= EXERCISE OBJECTIVE =
Output the entries below word for word, stopping once the line containing "Fortnite's The Dane" is done, and omit each picture.

----- SUPPLIED DATA

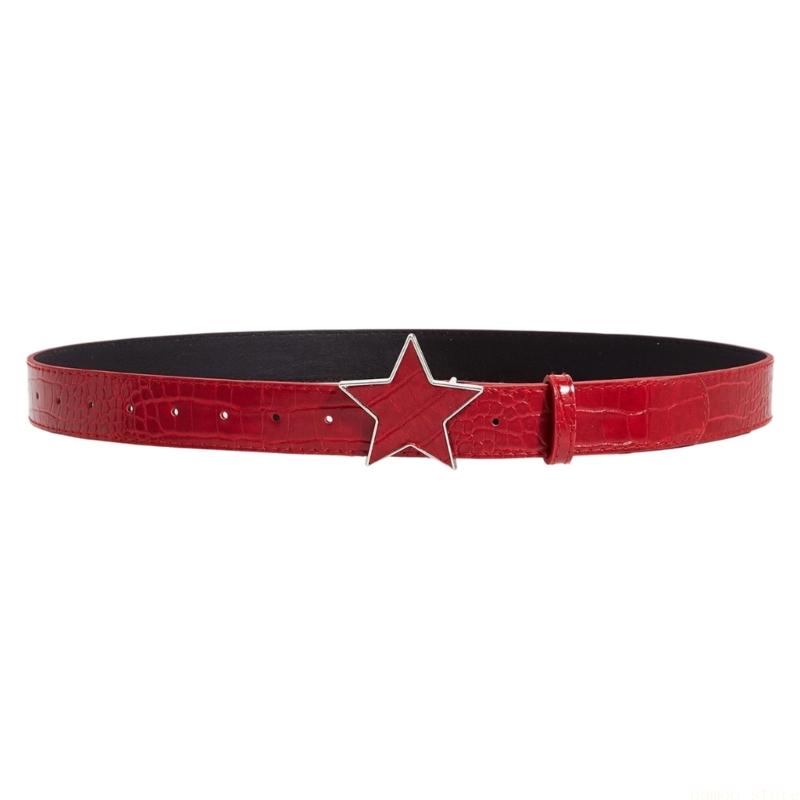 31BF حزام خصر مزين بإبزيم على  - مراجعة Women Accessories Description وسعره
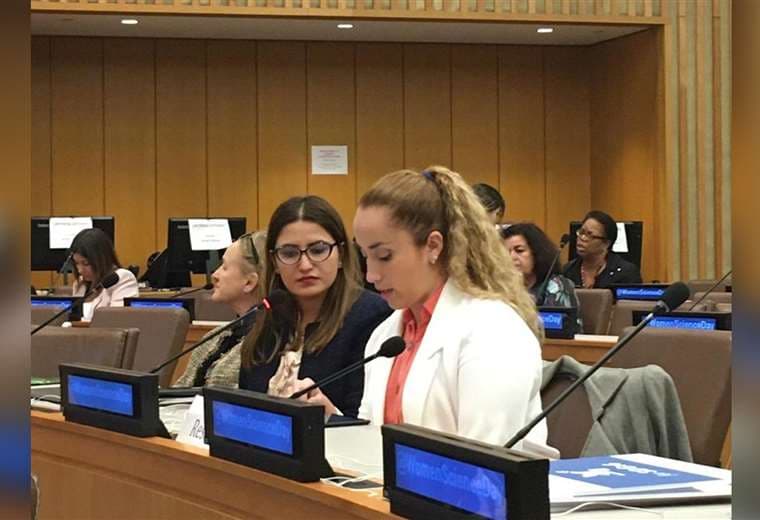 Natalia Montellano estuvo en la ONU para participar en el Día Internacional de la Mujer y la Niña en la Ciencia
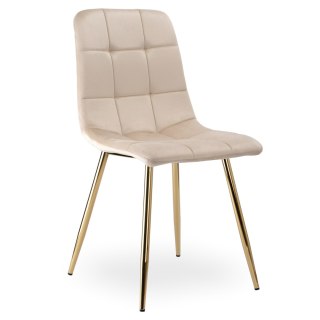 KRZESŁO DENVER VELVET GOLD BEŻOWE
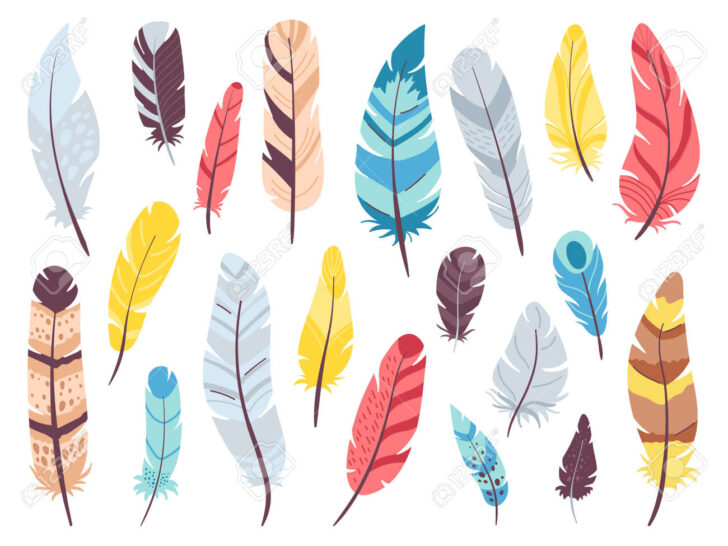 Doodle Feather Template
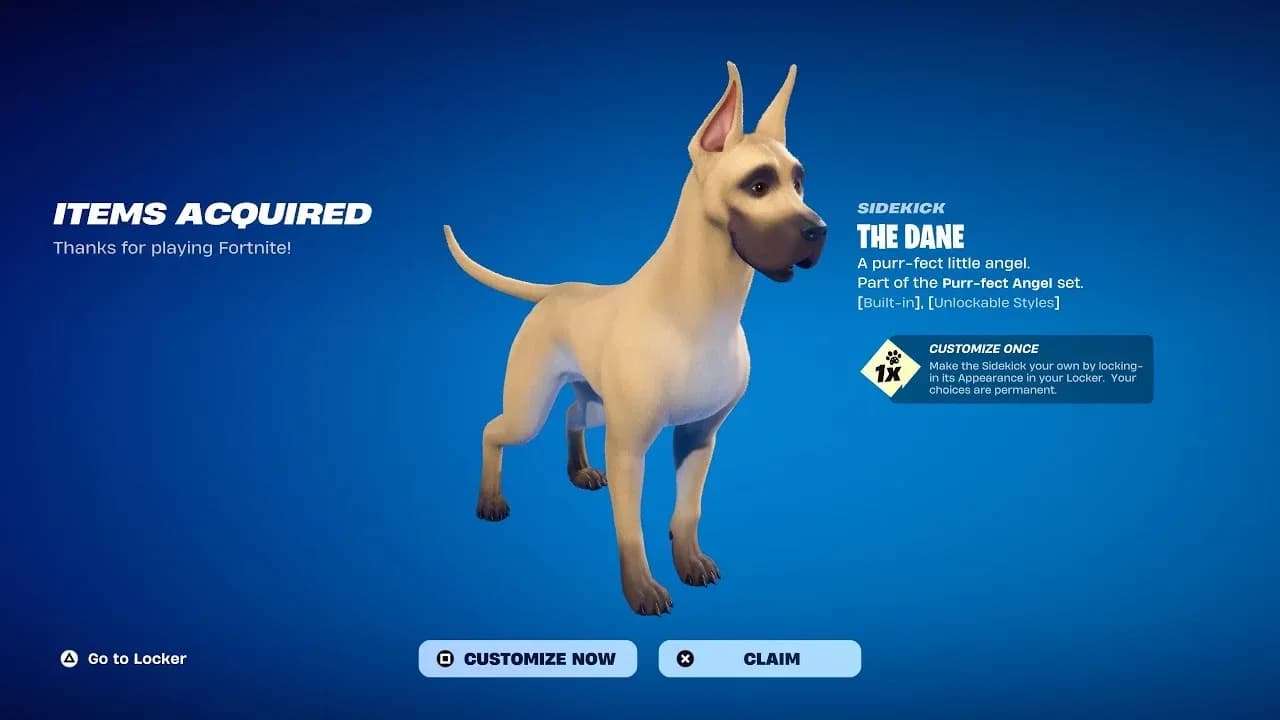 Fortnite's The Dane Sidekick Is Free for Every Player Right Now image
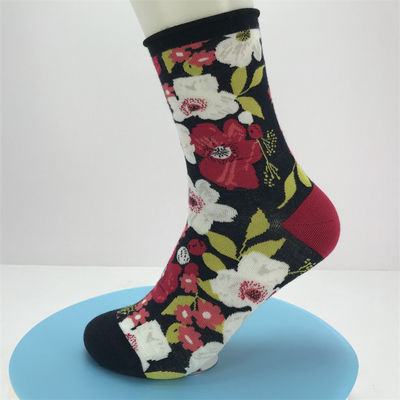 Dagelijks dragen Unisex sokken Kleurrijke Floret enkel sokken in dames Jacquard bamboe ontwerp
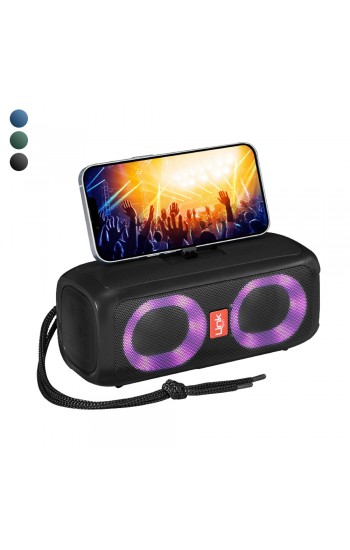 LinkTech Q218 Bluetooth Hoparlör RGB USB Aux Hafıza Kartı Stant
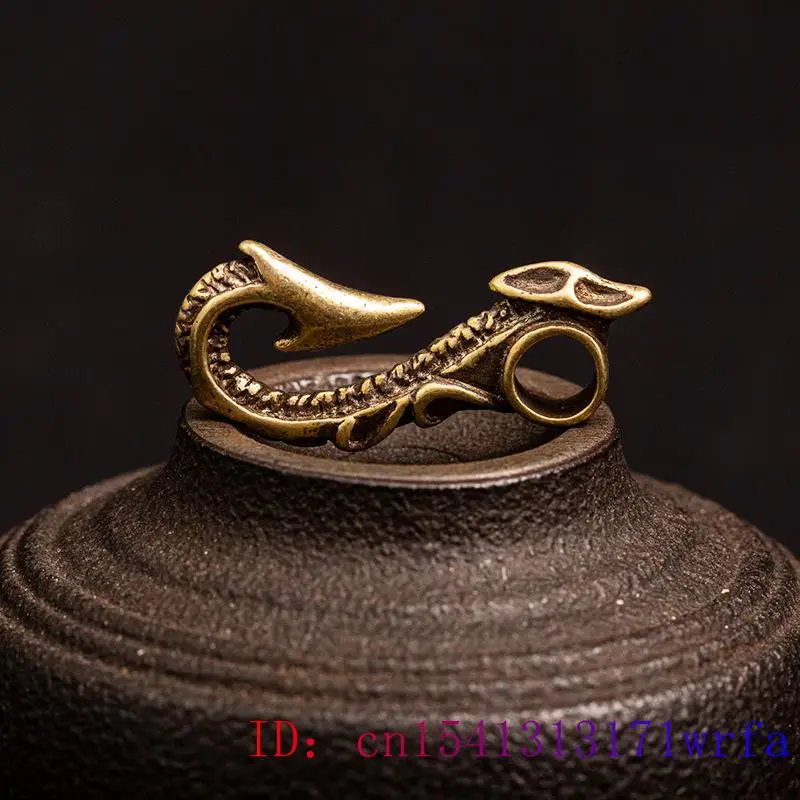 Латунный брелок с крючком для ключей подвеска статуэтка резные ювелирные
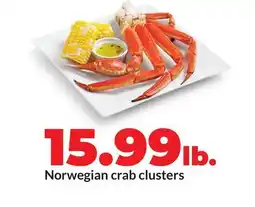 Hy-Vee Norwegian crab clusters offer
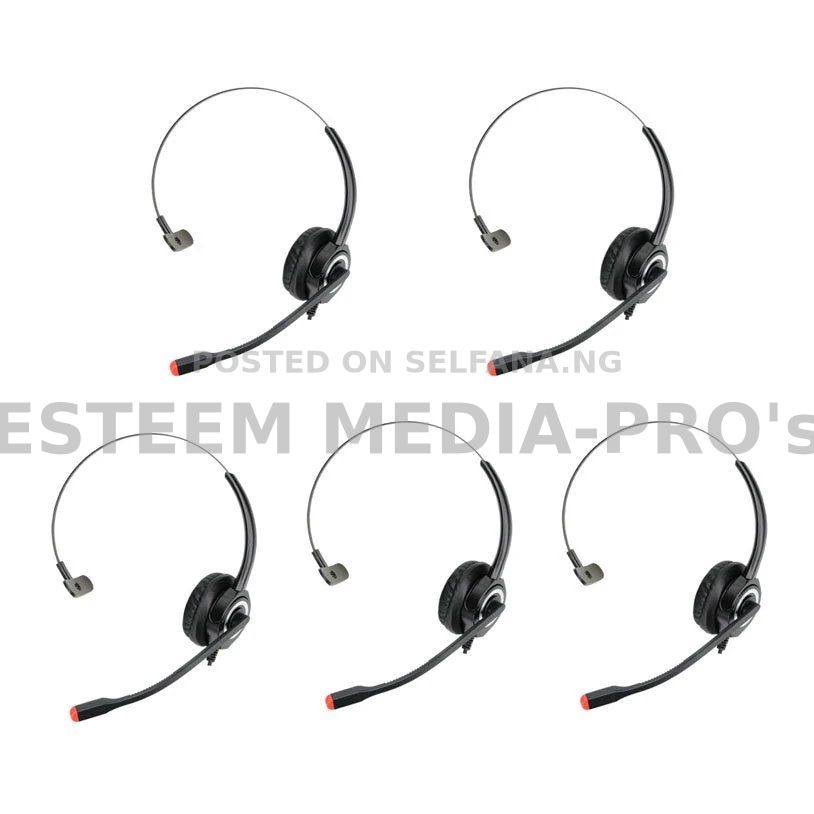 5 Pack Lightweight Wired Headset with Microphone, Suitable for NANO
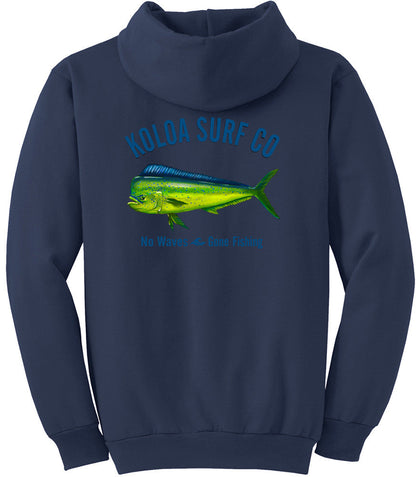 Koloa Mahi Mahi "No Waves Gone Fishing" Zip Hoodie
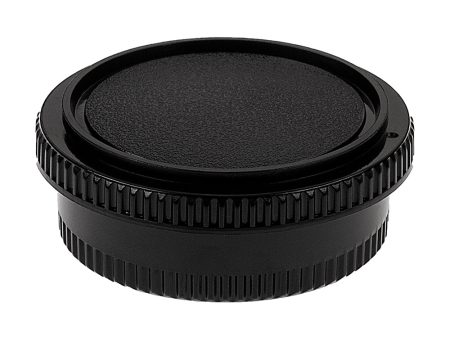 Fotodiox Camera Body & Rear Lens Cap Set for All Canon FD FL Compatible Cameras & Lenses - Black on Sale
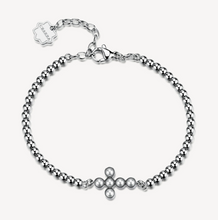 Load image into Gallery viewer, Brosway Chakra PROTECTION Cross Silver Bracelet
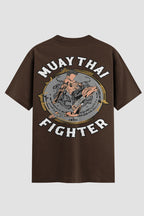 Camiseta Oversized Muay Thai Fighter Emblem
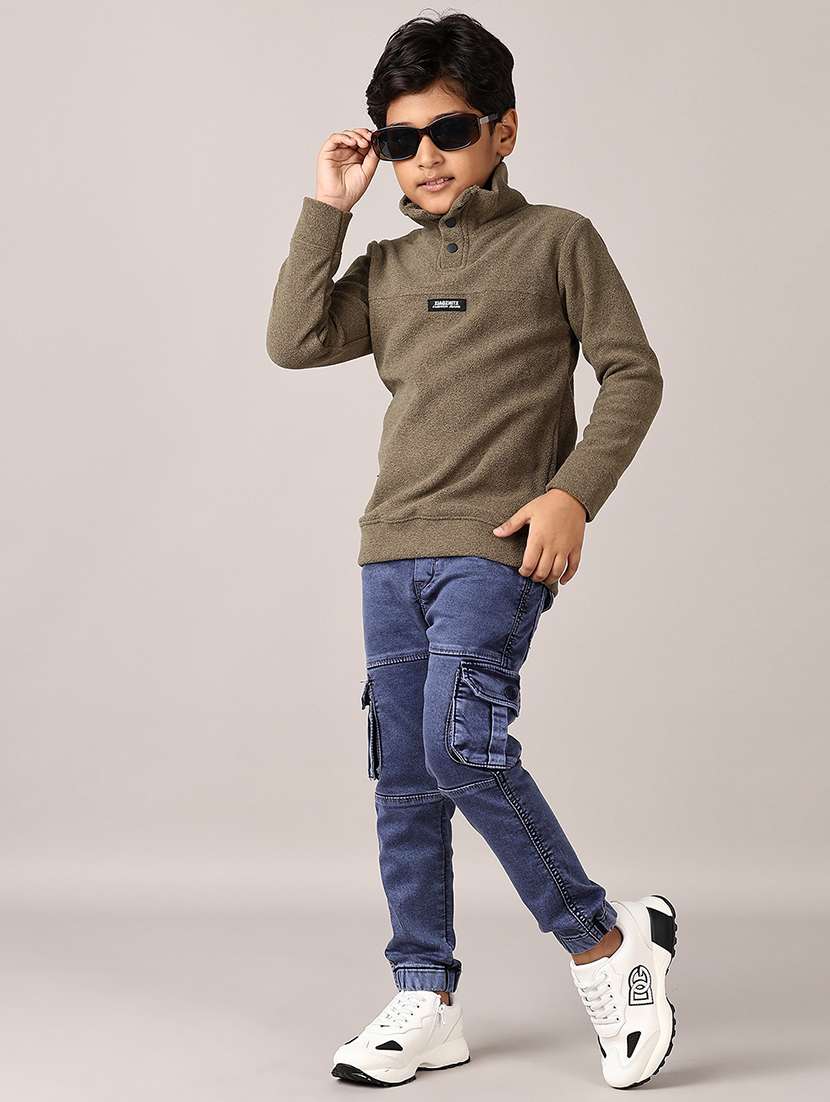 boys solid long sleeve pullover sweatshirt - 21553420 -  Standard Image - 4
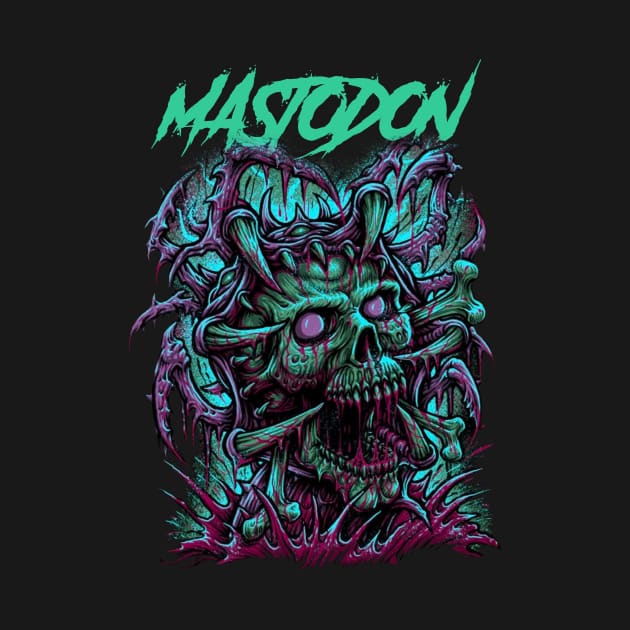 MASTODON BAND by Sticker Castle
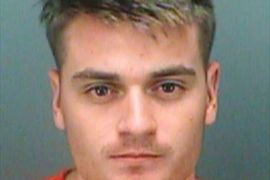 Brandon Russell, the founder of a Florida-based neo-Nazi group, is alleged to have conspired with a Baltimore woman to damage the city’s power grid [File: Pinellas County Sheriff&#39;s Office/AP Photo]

----------

= RESULT =
 31BF حزام خصر مزين بإبزيم على  - مراجعة Women Accessories Description وسعره
 Natalia Montellano estuvo en la ONU para participar en el Día Internacional de la Mujer y la Niña en la Ciencia
 KRZESŁO DENVER VELVET GOLD BEŻOWE
 Doodle Feather Template
 Fortnite's The Dane Sidekick Is Free for Every Player Right Now image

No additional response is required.